Sunday 6 August 2017

Safe Harbour





Dear Reader,





                                                                                       Deck Chairs


I see this week that beach deck chairs are going to be phased out by local councils amid plans to make seaside resorts more 'continental'.  In my childhood, my parents took me and my sister to Great Yarmouth beach in Norfolk, for picnic lunches, swimming and sandcastle play. They paid for two striped deck chairs and sat happily in them all day, for the sum of about one shilling and sixpence (9p in today's money).  This is what English people did, and still do, and still like to do, I would think.  If we wanted to be more 'continental' we would go to the continent and sit in cafes, watching people go by.  But sitting in a deck chair, on an English beach, eating an egg and cress sandwich, watching the tide ever changing and hearing the seabirds cry, is a peaceful and very enjoyable experience, especially if you are sitting in a comfortable traditional stripey deck chair.

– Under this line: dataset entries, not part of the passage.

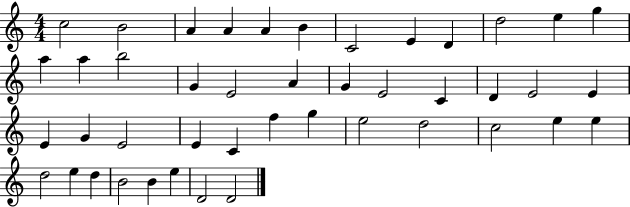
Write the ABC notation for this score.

X:1
T:Untitled
M:4/4
L:1/4
K:C
c2 B2 A A A B C2 E D d2 e g a a b2 G E2 A G E2 C D E2 E E G E2 E C f g e2 d2 c2 e e d2 e d B2 B e D2 D2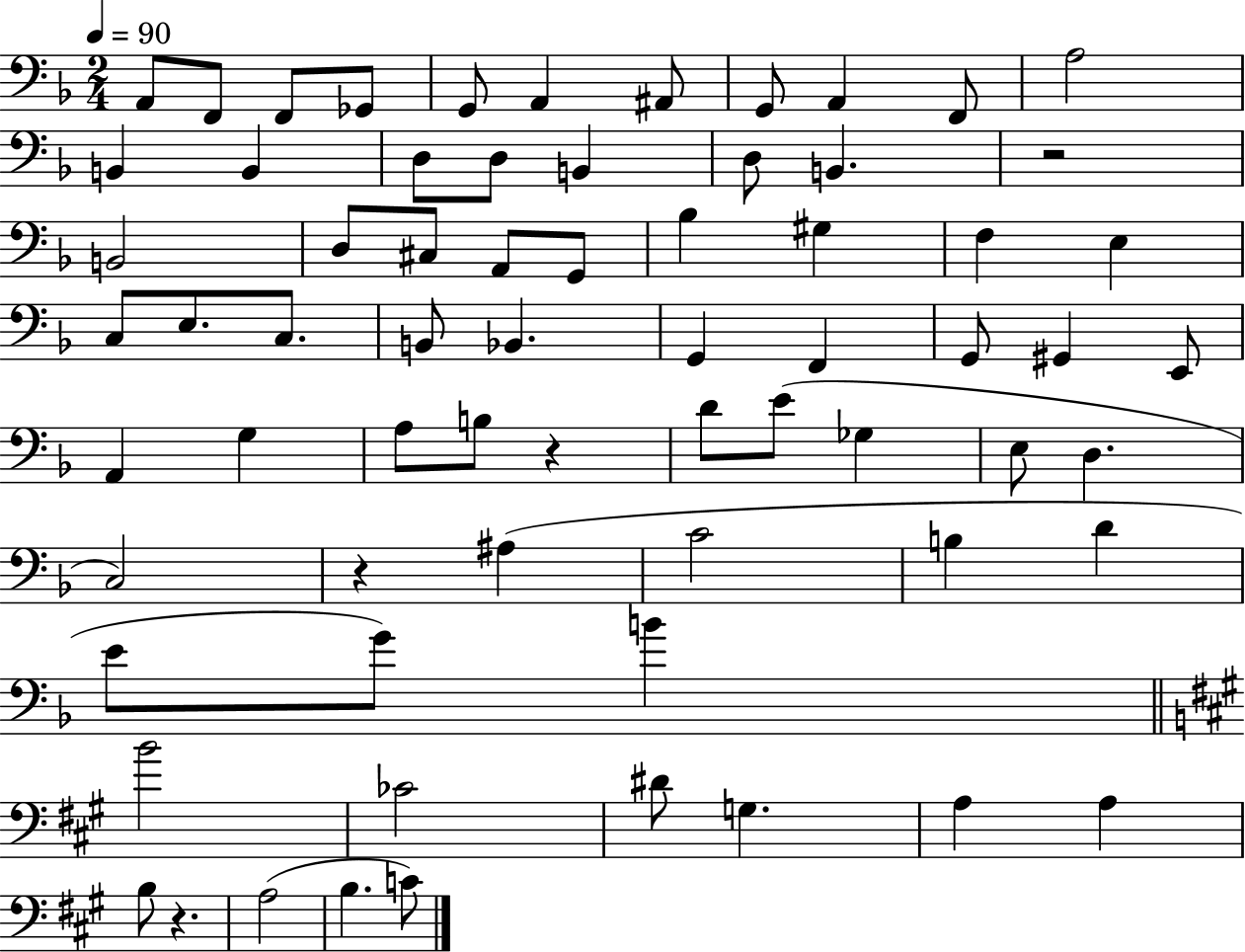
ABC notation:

X:1
T:Untitled
M:2/4
L:1/4
K:F
A,,/2 F,,/2 F,,/2 _G,,/2 G,,/2 A,, ^A,,/2 G,,/2 A,, F,,/2 A,2 B,, B,, D,/2 D,/2 B,, D,/2 B,, z2 B,,2 D,/2 ^C,/2 A,,/2 G,,/2 _B, ^G, F, E, C,/2 E,/2 C,/2 B,,/2 _B,, G,, F,, G,,/2 ^G,, E,,/2 A,, G, A,/2 B,/2 z D/2 E/2 _G, E,/2 D, C,2 z ^A, C2 B, D E/2 G/2 B B2 _C2 ^D/2 G, A, A, B,/2 z A,2 B, C/2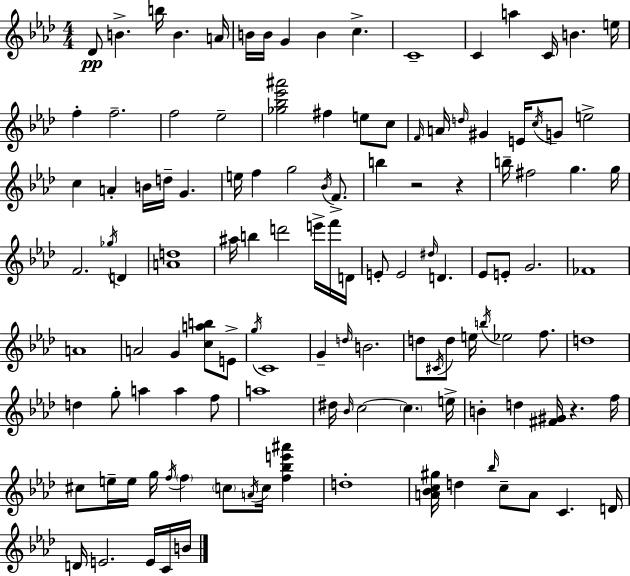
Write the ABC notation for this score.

X:1
T:Untitled
M:4/4
L:1/4
K:Ab
_D/2 B b/4 B A/4 B/4 B/4 G B c C4 C a C/4 B e/4 f f2 f2 _e2 [_g_b_e'^a']2 ^f e/2 c/2 F/4 A/4 d/4 ^G E/4 c/4 G/2 e2 c A B/4 d/4 G e/4 f g2 _B/4 F/2 b z2 z b/4 ^f2 g g/4 F2 _g/4 D [Ad]4 ^a/4 b d'2 e'/4 f'/4 D/4 E/2 E2 ^d/4 D _E/2 E/2 G2 _F4 A4 A2 G [cab]/2 E/2 g/4 C4 G d/4 B2 d/2 ^C/4 d/2 e/4 b/4 _e2 f/2 d4 d g/2 a a f/2 a4 ^d/4 _B/4 c2 c e/4 B d [^F^G]/4 z f/4 ^c/2 e/4 e/4 g/4 f/4 f c/2 A/4 c/4 [f_be'^a'] d4 [A_Bc^g]/4 d _b/4 c/2 A/2 C D/4 D/4 E2 E/4 C/4 B/4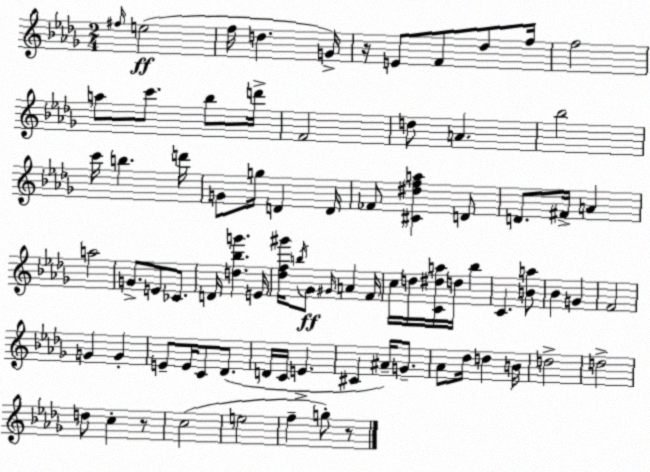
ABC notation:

X:1
T:Untitled
M:2/4
L:1/4
K:Bbm
^f/4 e2 f/4 d G/4 z/4 E/2 F/2 _d/2 f/4 f2 a/2 c'/2 _b/2 d'/4 F2 d/2 A _b2 c'/4 b d'/4 G/2 g/4 D D/4 _F/2 [^C^dfa] D/2 D/2 ^F/4 A a2 G/2 E/2 _C/2 D/4 [d_bg'] E/4 [_df^g']/4 b/4 _G/2 ^G/4 A F/4 c/4 d/4 [C^da]/4 d/4 _b C [Ba]/2 _B G F2 G G E/2 E/4 C/2 _D/2 D/4 C/4 E ^C ^A/4 G/2 _A/2 _d/4 d B/4 d2 d2 d/2 c z/2 c2 e2 f g/2 z/2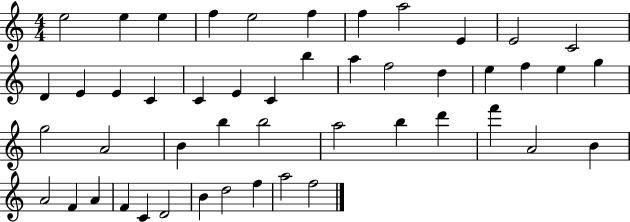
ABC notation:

X:1
T:Untitled
M:4/4
L:1/4
K:C
e2 e e f e2 f f a2 E E2 C2 D E E C C E C b a f2 d e f e g g2 A2 B b b2 a2 b d' f' A2 B A2 F A F C D2 B d2 f a2 f2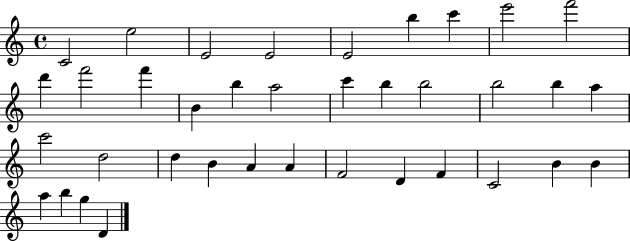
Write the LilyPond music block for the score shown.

{
  \clef treble
  \time 4/4
  \defaultTimeSignature
  \key c \major
  c'2 e''2 | e'2 e'2 | e'2 b''4 c'''4 | e'''2 f'''2 | \break d'''4 f'''2 f'''4 | b'4 b''4 a''2 | c'''4 b''4 b''2 | b''2 b''4 a''4 | \break c'''2 d''2 | d''4 b'4 a'4 a'4 | f'2 d'4 f'4 | c'2 b'4 b'4 | \break a''4 b''4 g''4 d'4 | \bar "|."
}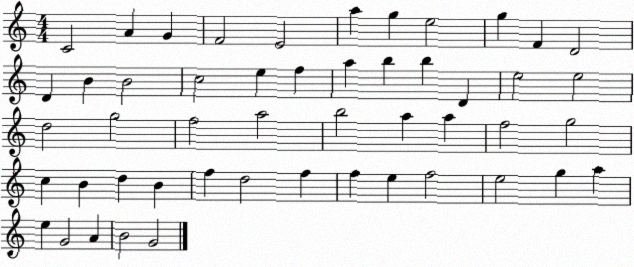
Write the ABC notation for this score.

X:1
T:Untitled
M:4/4
L:1/4
K:C
C2 A G F2 E2 a g e2 g F D2 D B B2 c2 e f a b b D e2 e2 d2 g2 f2 a2 b2 a a f2 g2 c B d B f d2 f f e f2 e2 g a e G2 A B2 G2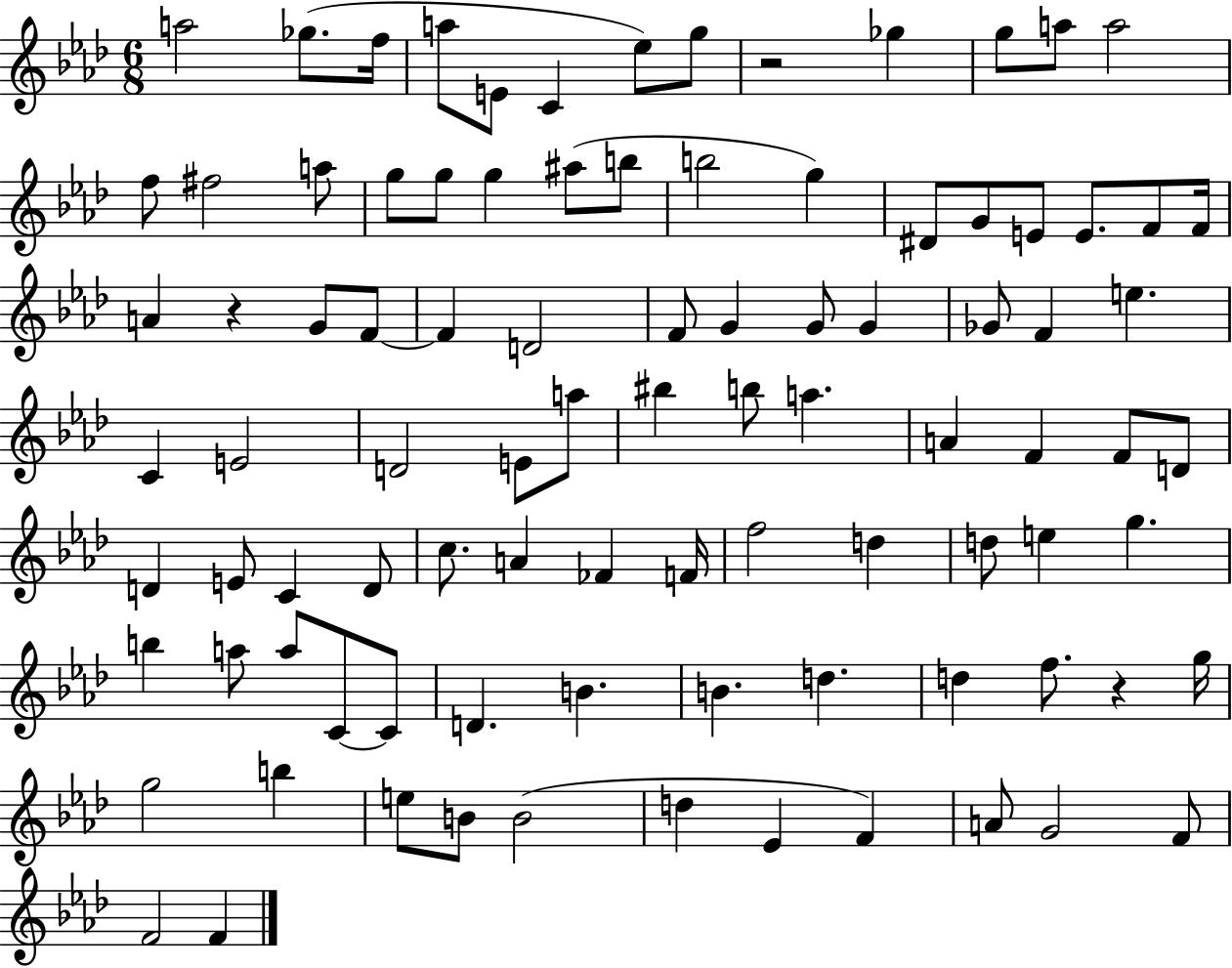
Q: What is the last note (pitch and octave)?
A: F4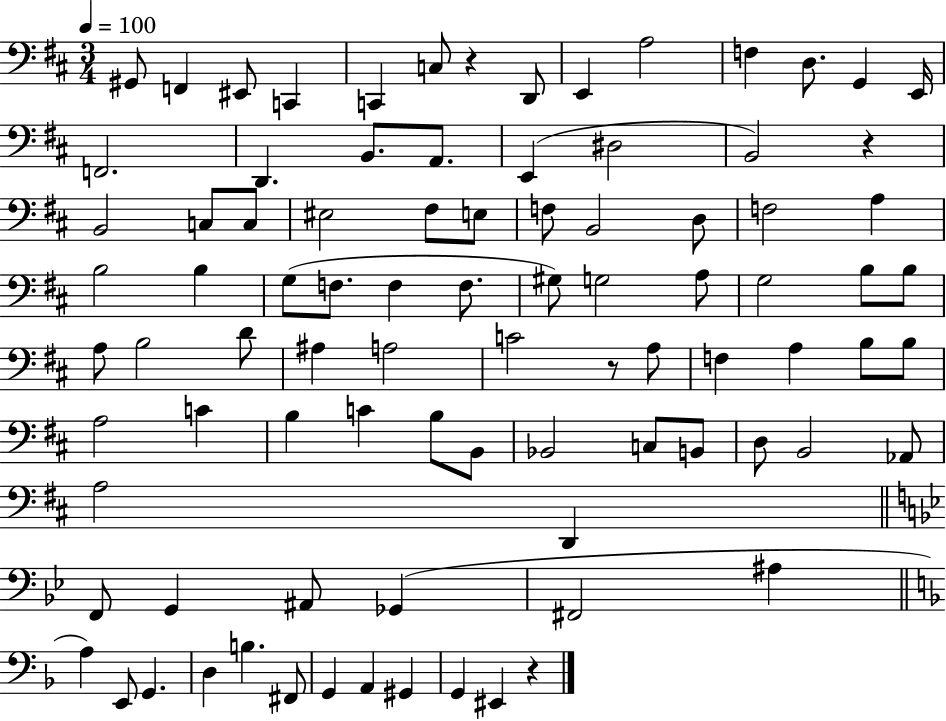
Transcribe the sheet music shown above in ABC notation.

X:1
T:Untitled
M:3/4
L:1/4
K:D
^G,,/2 F,, ^E,,/2 C,, C,, C,/2 z D,,/2 E,, A,2 F, D,/2 G,, E,,/4 F,,2 D,, B,,/2 A,,/2 E,, ^D,2 B,,2 z B,,2 C,/2 C,/2 ^E,2 ^F,/2 E,/2 F,/2 B,,2 D,/2 F,2 A, B,2 B, G,/2 F,/2 F, F,/2 ^G,/2 G,2 A,/2 G,2 B,/2 B,/2 A,/2 B,2 D/2 ^A, A,2 C2 z/2 A,/2 F, A, B,/2 B,/2 A,2 C B, C B,/2 B,,/2 _B,,2 C,/2 B,,/2 D,/2 B,,2 _A,,/2 A,2 D,, F,,/2 G,, ^A,,/2 _G,, ^F,,2 ^A, A, E,,/2 G,, D, B, ^F,,/2 G,, A,, ^G,, G,, ^E,, z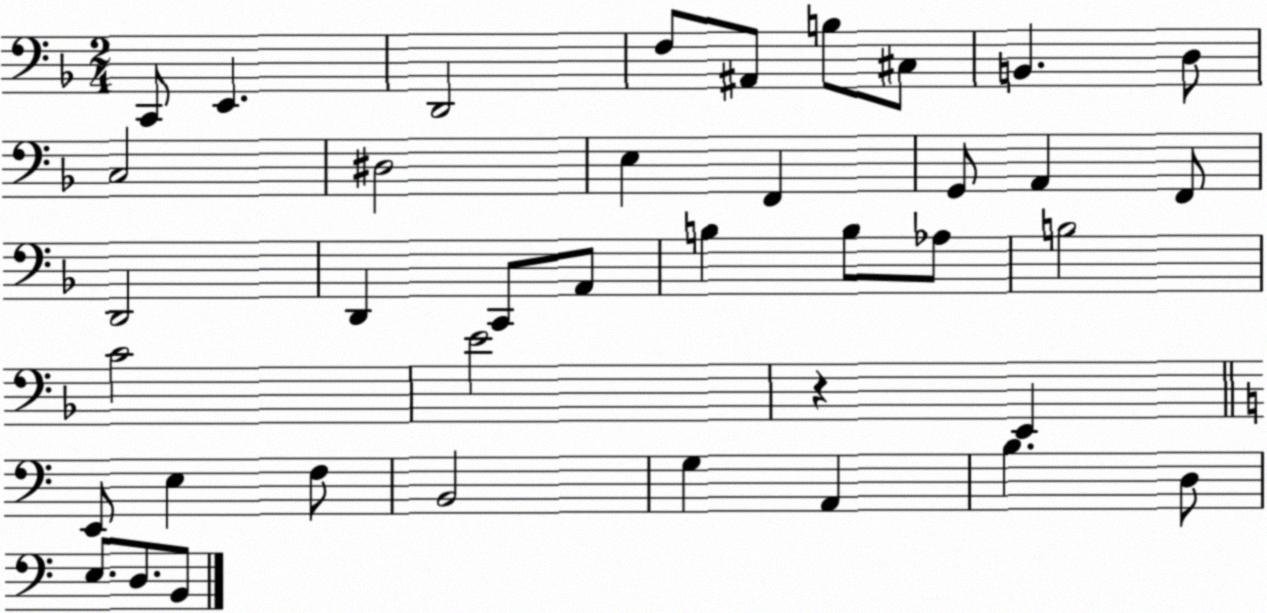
X:1
T:Untitled
M:2/4
L:1/4
K:F
C,,/2 E,, D,,2 F,/2 ^A,,/2 B,/2 ^C,/2 B,, D,/2 C,2 ^D,2 E, F,, G,,/2 A,, F,,/2 D,,2 D,, C,,/2 A,,/2 B, B,/2 _A,/2 B,2 C2 E2 z E,, E,,/2 E, F,/2 B,,2 G, A,, B, D,/2 E,/2 D,/2 B,,/2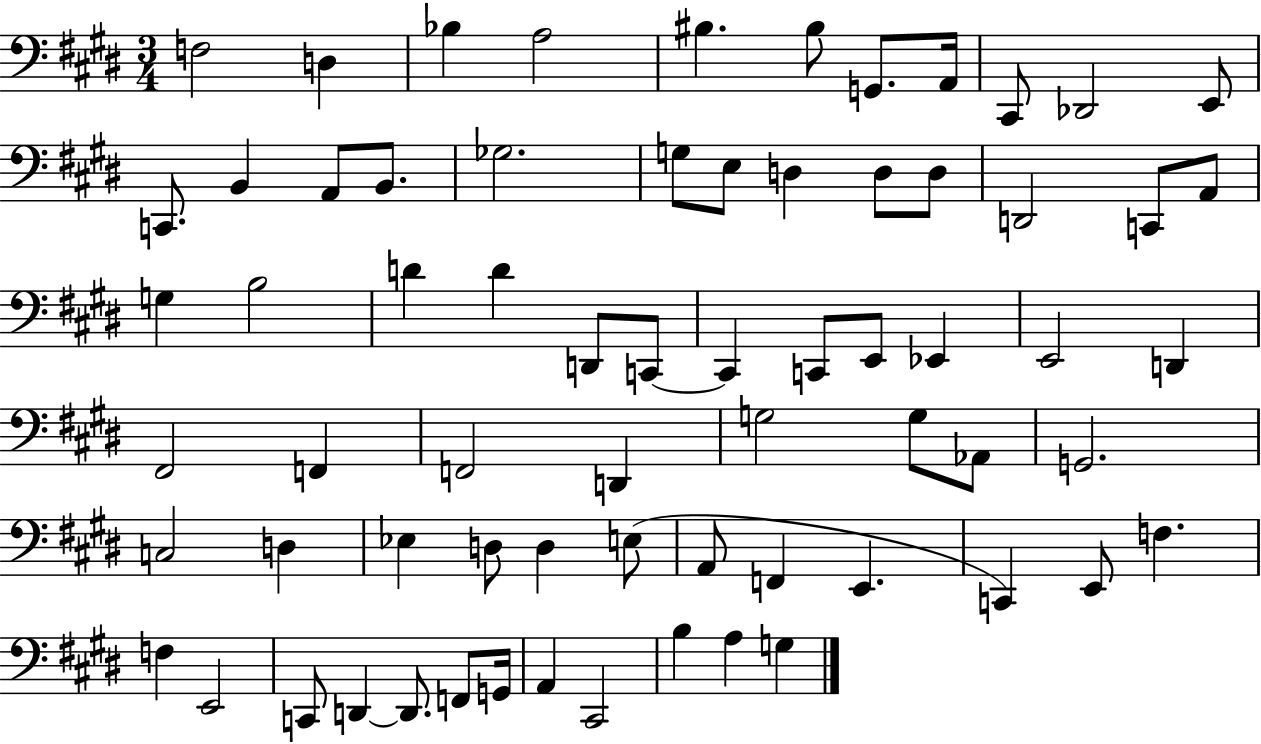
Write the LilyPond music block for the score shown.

{
  \clef bass
  \numericTimeSignature
  \time 3/4
  \key e \major
  \repeat volta 2 { f2 d4 | bes4 a2 | bis4. bis8 g,8. a,16 | cis,8 des,2 e,8 | \break c,8. b,4 a,8 b,8. | ges2. | g8 e8 d4 d8 d8 | d,2 c,8 a,8 | \break g4 b2 | d'4 d'4 d,8 c,8~~ | c,4 c,8 e,8 ees,4 | e,2 d,4 | \break fis,2 f,4 | f,2 d,4 | g2 g8 aes,8 | g,2. | \break c2 d4 | ees4 d8 d4 e8( | a,8 f,4 e,4. | c,4) e,8 f4. | \break f4 e,2 | c,8 d,4~~ d,8. f,8 g,16 | a,4 cis,2 | b4 a4 g4 | \break } \bar "|."
}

Ufi Ibrahim, Chief Executive of British Hospitality, recently said: 'We celebrate the deck chair as a British icon.  Instead of trying to remove the emblematic part of our culture we should be celebrating its striped contribution to the 250 million visits made to our coast each year, which generated £17 million for the UK economy.'  Incidentally, ancient versions of the deck chair have been discovered by archaeologists dating back as far as classical Rome.  Their modern name was born in the mid-19th century when they became popular among passengers on ocean liners.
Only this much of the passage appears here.